Mas, e agora? Avanços obtidos a partir do florescimento do mercado de capitais brasileiro ao longo dos últimos anos são irrevogáveis: maior quantidade de opções de investimentos, estratégias de gestão mais avançadas (os fundos sistemáticos locais são exemplo eloquente), profissionais mais tarimbados, investidores mais críticos.
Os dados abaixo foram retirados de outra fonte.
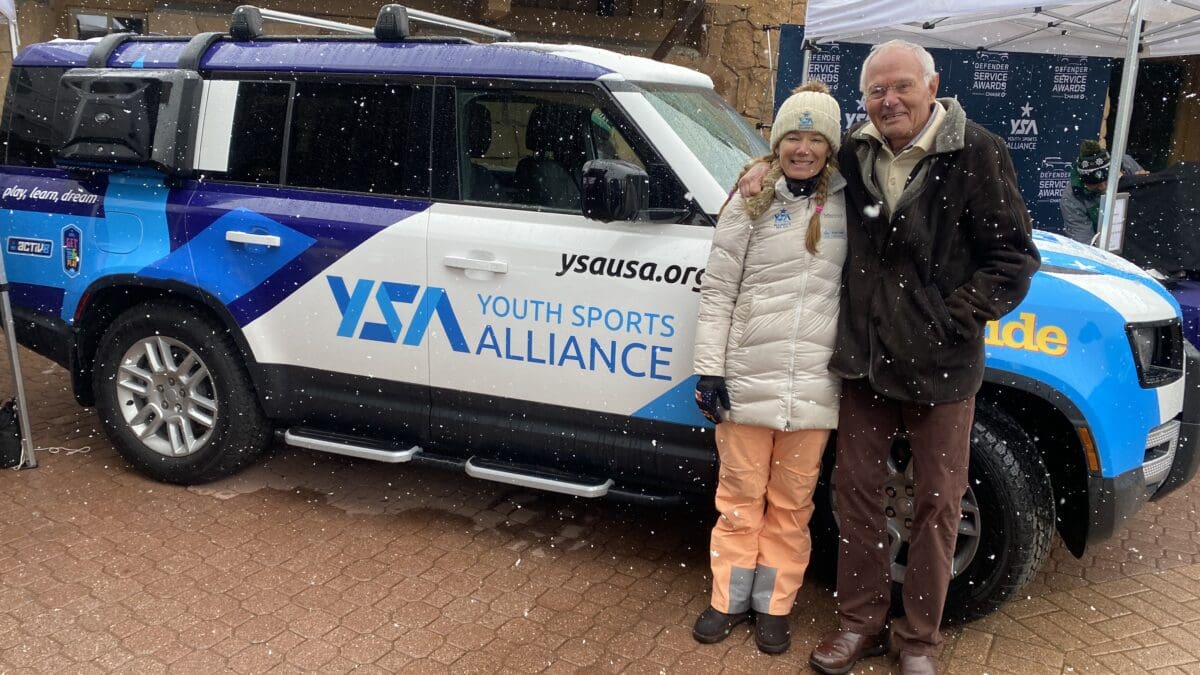 Youth Sports Alliance's executive director Emily Fisher and founder Jim Gaddis proudly show off the new Land Rover at Deer Valley. YSA won the car with the most votes in a nationwide nonprofit contest.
Tudo isso continua presente.
Por outro lado, é inevitável que a renda fixa de curto prazo, líquida e rentável, volte naturalmente a ocupar, pelo menos por um tempo, um espaço maior nas carteiras dos investidores institucionais, em detrimento de ativos menos líquidos e de maior risco, principalmente no caso dos planos de contribuição definida com alocação mais balanceada.
Enquanto isso, é razoável esperar que a trajetória do país, em especial de seu mercado de capitais, ainda que muitas vezes sujeita à volatilidade típica de países em desenvolvimento, continue seguindo na direção de sua normalização e de seu amadurecimento rumo a padrões internacionais, tal que o longo prazo e a iliquidez possam ser reafirmados como importantes atributos de diferenciação para os fundos de pensão brasileiros, a serem valorizados especialmente pelos investidores críticos e com propósito previdenciário.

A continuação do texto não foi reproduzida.